Lonnie Lee was destined to spend his life on a sheep farm, following in the tradition of his father and grandfather.
That is until Elvis Presley intervened.
Lee was crowned "Australia's own Elvis Presley" in a competition at Sydney's Trocadero club in 1957, becoming one of the nation's first tribute acts.
"I sang three songs and the audience went absolutely bananas," Lee recalls to AAP.
That early success led to a life of touring and performing with his rockabilly band, far from the dust and heat on the family property at Rowena, in northern NSW.
The band appeared on Six O'Clock Rock in the early era of television, giving Lee a taste of Elvis mania.
"On tour the girls would write their names and 'we love you Lonnie' and their phone numbers in lipstick all over the car," Lee says.
"It sounds wonderful, but it ruined the car."
Lee, now 83, is set to relive those halcyon days when he returns to perform at the Parkes Elvis Festival, in central western NSW, from January 10.
The five-day festival, complete with tribute concerts, dress-up competitions, a parade, and a hound dog pet show, is marking its 31st year with a Jailhouse Rock theme.
About 25,000 visitors are expected to travel to the rural town, some on the Elvis Express train from Sydney, the Regional Hound Dog Express plane or maybe in a Long Black Limousine.
The Elvis fans, who sweat through the dry summer heat in wigs, polyester jumpsuits and rhinestones, could bring in more than $13 million to the town of 10,000.
It was the unlikely setting that first drew John Connell to Parkes in the early days of the festival, along with his friend and fellow geography professor Chris Gibson.
"We got into it more because it was this weird festival than because it was Elvis," Professor Connell says.
"It looked like a small country town, the long main high street, the shops that close on Saturday afternoons.

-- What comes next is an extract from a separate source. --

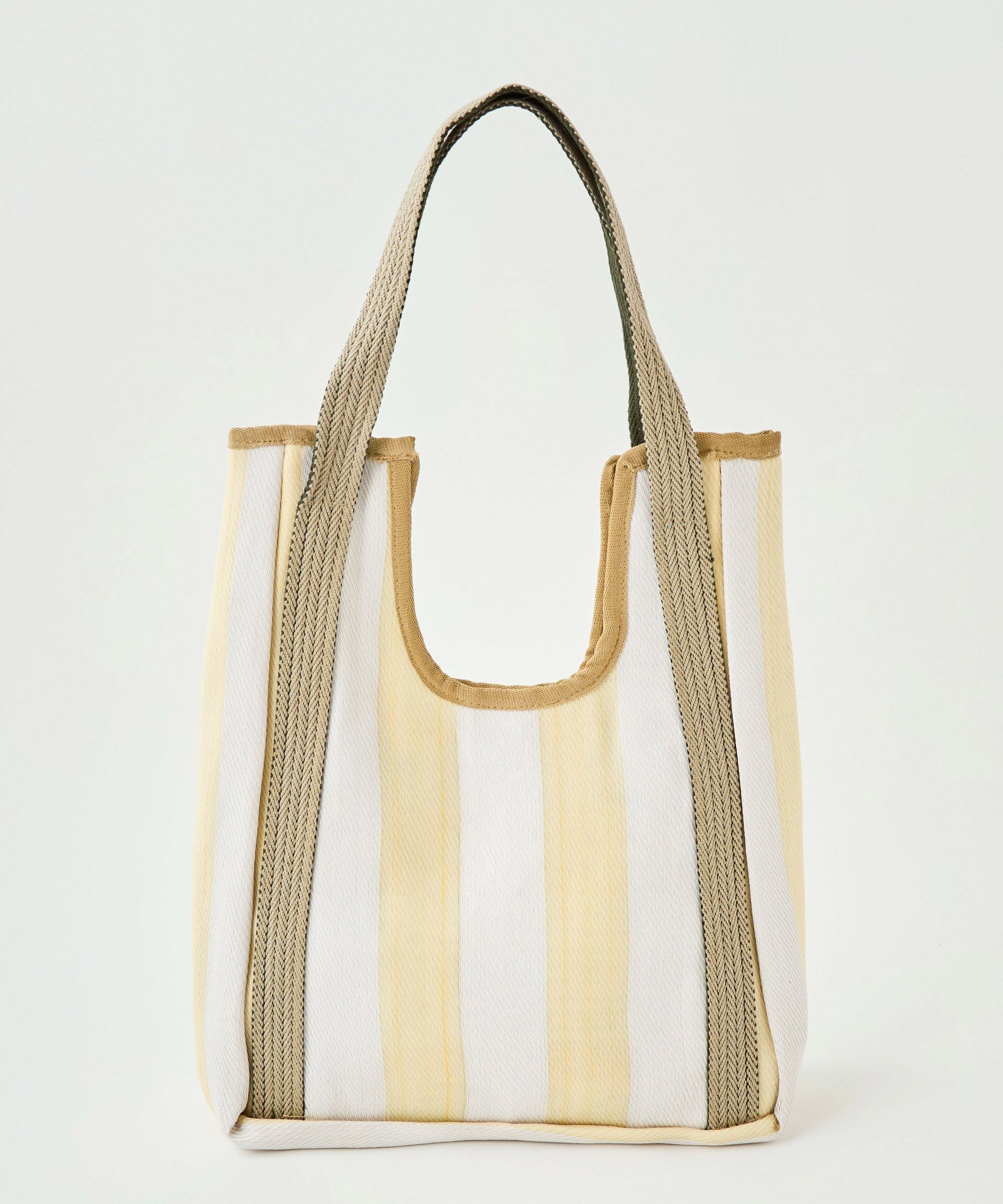 【Babachic Bags】hole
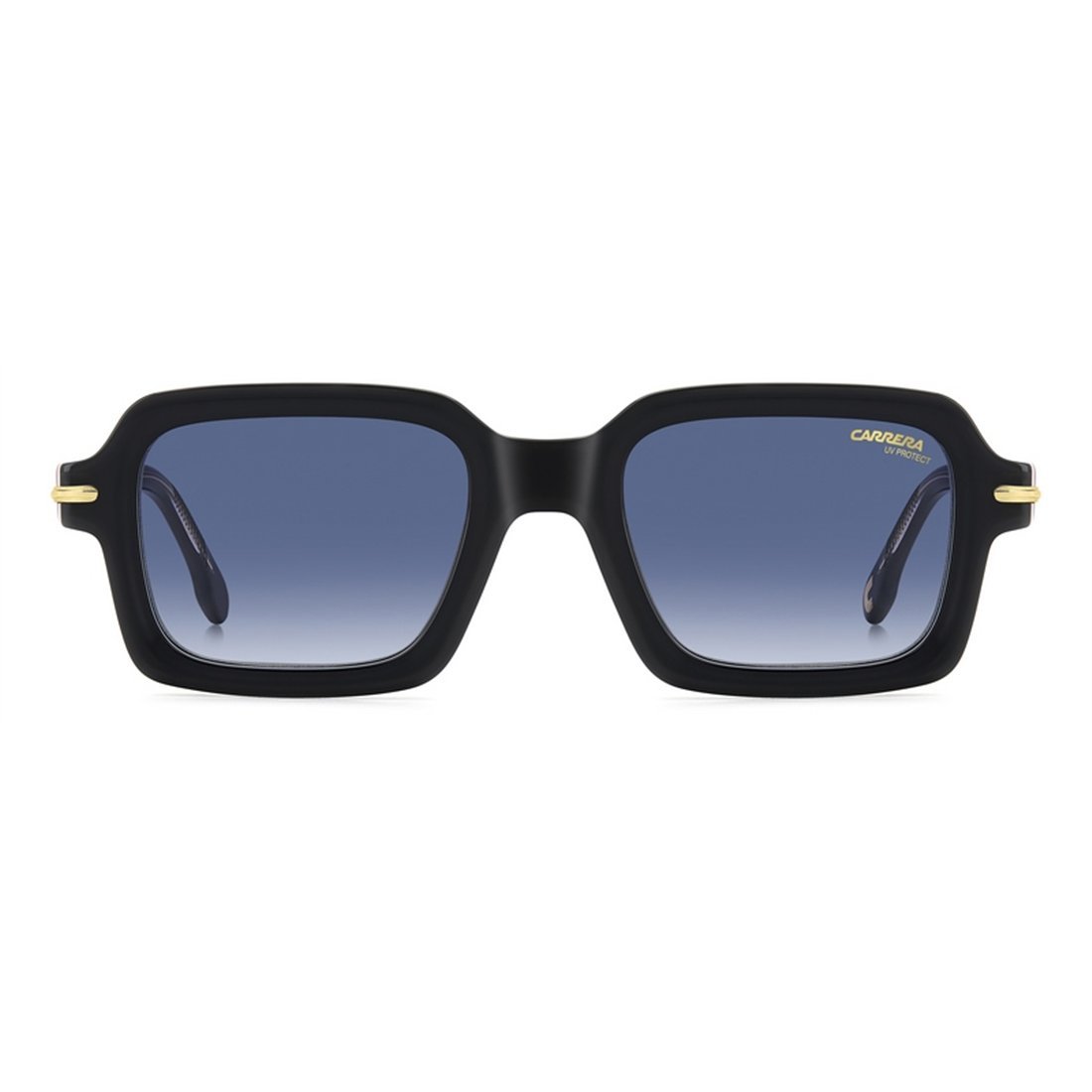 CARRERA Men's Premium Sunglasses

"The festival was a bit like that as well, a bit more like a country women's cake sale."
But the academics returned to the festival for years to witness its evolution from an off-beat community fete to a slick event with international recognition.
Their book Outback Elvis explores how the festival helped Parkes turn its fortunes around after the peak of the wheat and sheep booms.
The town was right to look to the king for hope, Prof Connell says.
"They hit on the right person ... Elvis lends himself to a degree of fanaticism and creativity.
"In many ways, it was lucky: they had the right people, in a strange place at the right time."
In an era marked by bushfires, floods and rural decline, the festival has boosted just about every business in town.
"The vets were producing costumes for the smaller dogs, the tattoo parlours were booming, the hotels were booked out years in advance," Prof Connell says.
"The only people who didn't (benefit) were the undertakers."
That's not the case this year.
Festival director Joel Ulbricht says even the undertakers have a look-in, having produced some of the Hall of Fame plaques.
There is nothing quite like the Elvis festival, Mr Ulbricht says.
"There are two particular audiences that come to Elvis Festival: your first is your die-hard fans of Elvis.
"The second side of it is the novelty of 25,000 Elvis impersonators, people who are madly in love with music, Elvis himself and the legacy he has left."